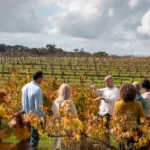 All About Margaret River Tour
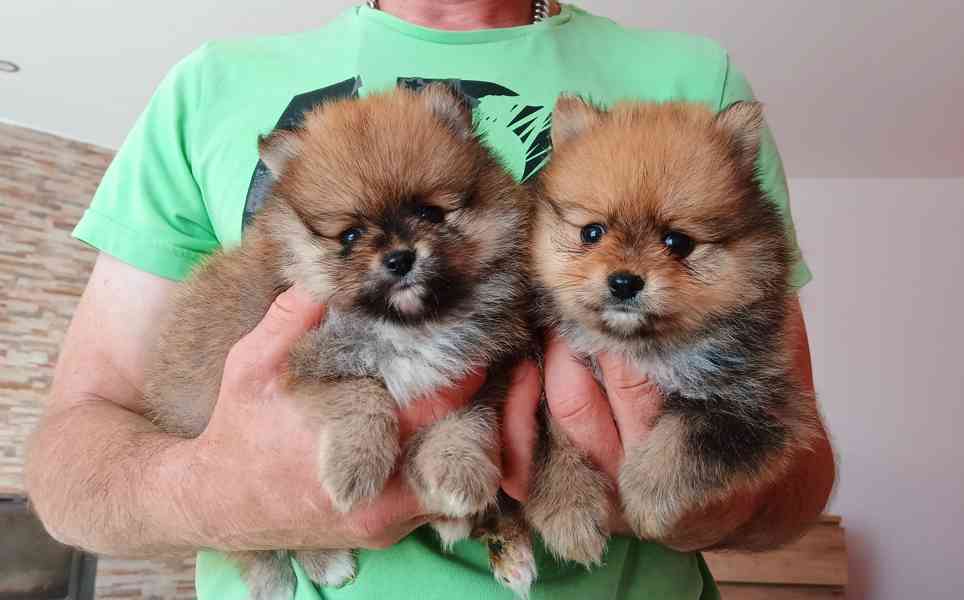 Pomeranian - foto 1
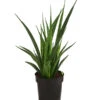 Bogenhanf - Sansevieria 'Friends' -Gartenbedarf Verkäufe 2024 8670556 PR FS 001 SansevieriaFriendsT12DehnerExpressHerzig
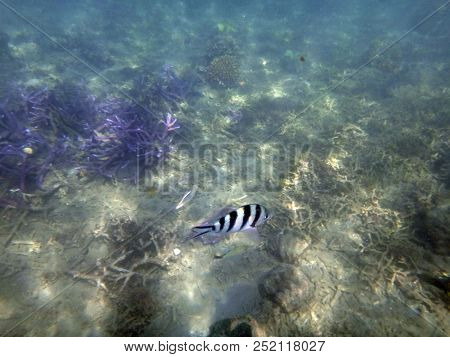 Sealife Of Luganville, Espiritu Santo, Vanuatu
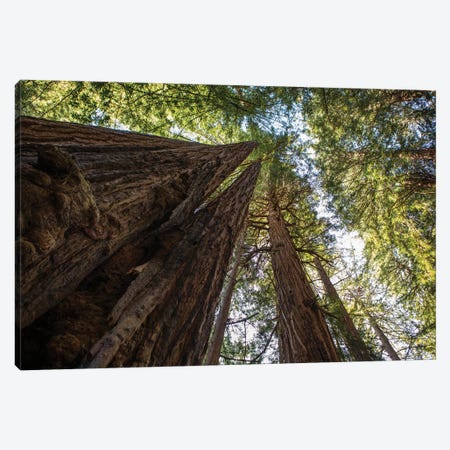 In Awe Canvas Print #AAM11} by Aaron Matheson Canvas Wall Art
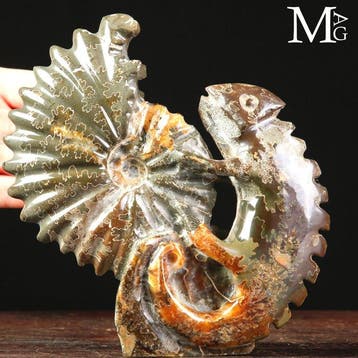 Fossiele Sculptuur Uitgehouwen Cleoniceras-ammoniet met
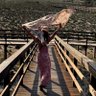 Ireene Almayda profil fotoğrafı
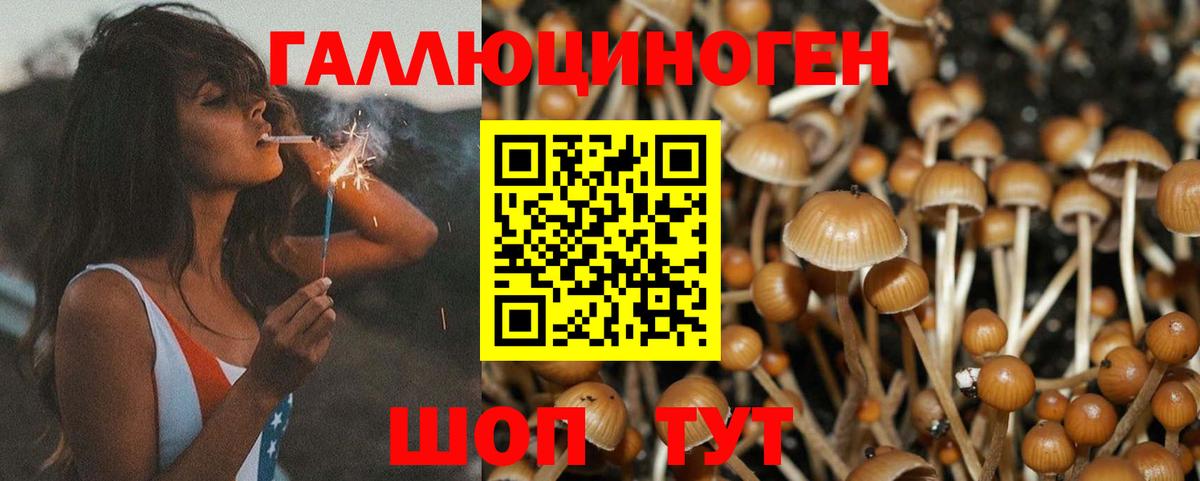 Сызрань  Галлюциногенные грибы Magic Shrooms  Вход с VPN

> **BRIEF**: Apart from the images, please copy every line of the data exactly as written.

> **SOLUTION**:
 All About Margaret River Tour
 Pomeranian - foto 1
 Bogenhanf - Sansevieria 'Friends' -Gartenbedarf Verkäufe 2024 8670556 PR FS 001 SansevieriaFriendsT12DehnerExpressHerzig
 Sealife Of Luganville, Espiritu Santo, Vanuatu
 In Awe Canvas Print #AAM11} by Aaron Matheson Canvas Wall Art
 Fossiele Sculptuur Uitgehouwen Cleoniceras-ammoniet met
 Ireene Almayda profil fotoğrafı
 Сызрань  Галлюциногенные грибы Magic Shrooms  Вход с VPN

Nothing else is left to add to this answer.